We believe that, in the words of Susan George, ‘there are a thousand alternatives.’ Core to the analysis of Is Féidir Linn is the importance of articulating these alternatives. We are increasingly aware that the public articulation of a narrative of alternatives is blocked by a media that has bought into the myth that there is no alternative and a polity that increasingly seeks to silence dissent.

Many people expected that the crisis would present opportunities to question the Irish model of neo-liberalism (this is the model of society as economy) and to explore alternatives. There was the hope that the economy could be put back in its place if democratic choice could be exercised through public participation and debate. Democracy is the right to choose and the right to have alternatives to choose between. In this regard, a significant democratic deficit is now apparent.

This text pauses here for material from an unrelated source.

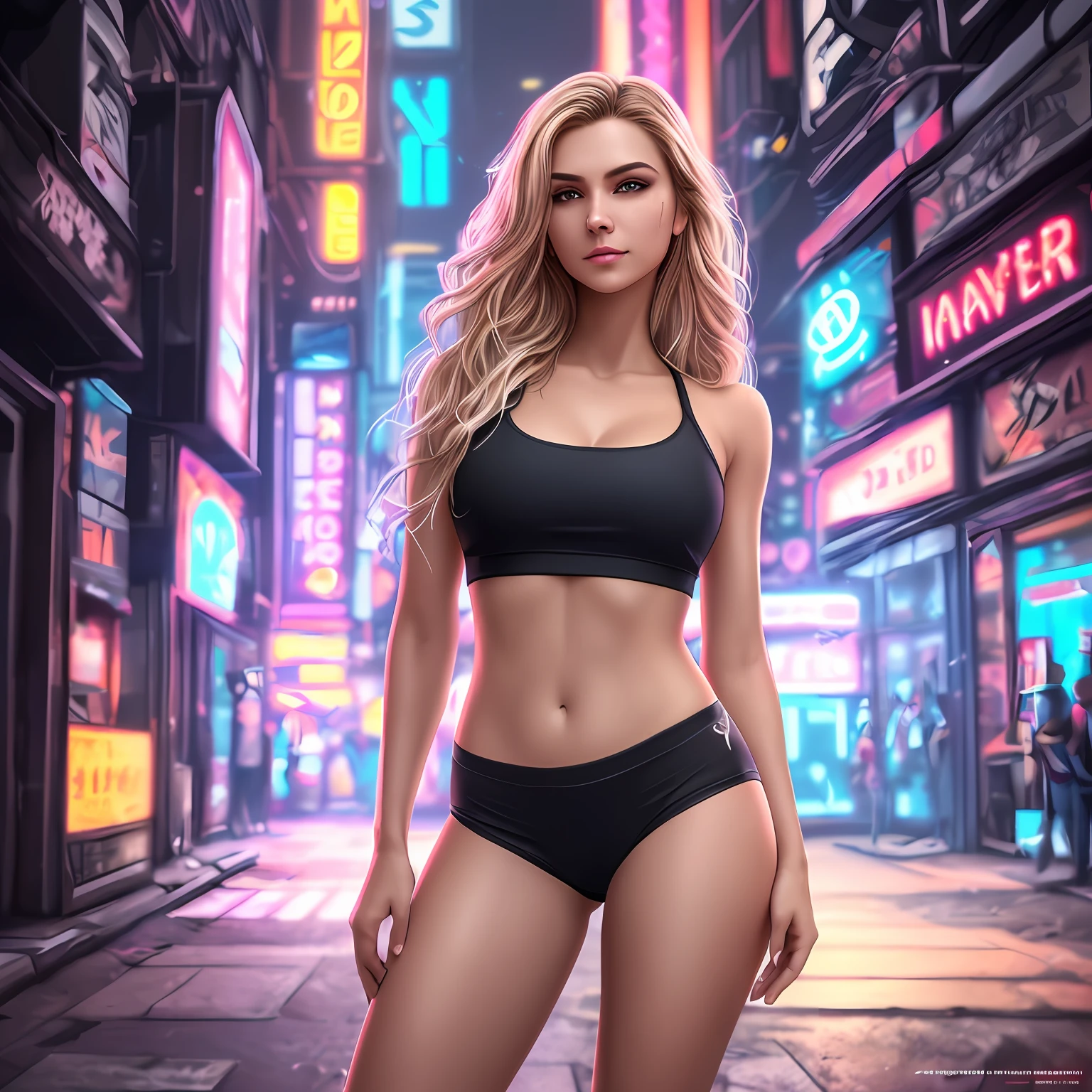 full body portrait photo of a gorgeous woman with extra long wavy blonde hair, detailed alluring eyes, long sexy legs, wearing tiny shorts, t-shirt, ((detailed facial features)), (finely detailed skin), pale skin, realistic skin texture, extreme skin details, (pores:0.1), in the background beautiful futuristic cyberpunk city, neon lights, best quality masterpiece, photorealistic, hyperrealistic, detailed, 8k, HDR, (Soft color: 1.2), shallow depth of field, broad light, high contrast, backlighting, bloom, light sparkles, chromatic aberration, sharp focus, RAW color photo --auto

In a time when fear is capturing the public imagination, ideas are needed in place of that fear.1 The poverty we should fear is not only material destitution but also poverty of the imagination. Anne Marie Smith argues that political struggle depends in part ‘on the ability to imagine alternative worlds.’ It is crucial therefore to imagine and articulate these alternatives. Arguably, the use of public discourse to inspire people to believe that they could imagine and hope was the greatest weapon in the Obama campaign arsenal. What gives imagination this subversive quality? What is it about Ireland’s public discourse that so few imaginative choices about alternatives are either articulated or heard?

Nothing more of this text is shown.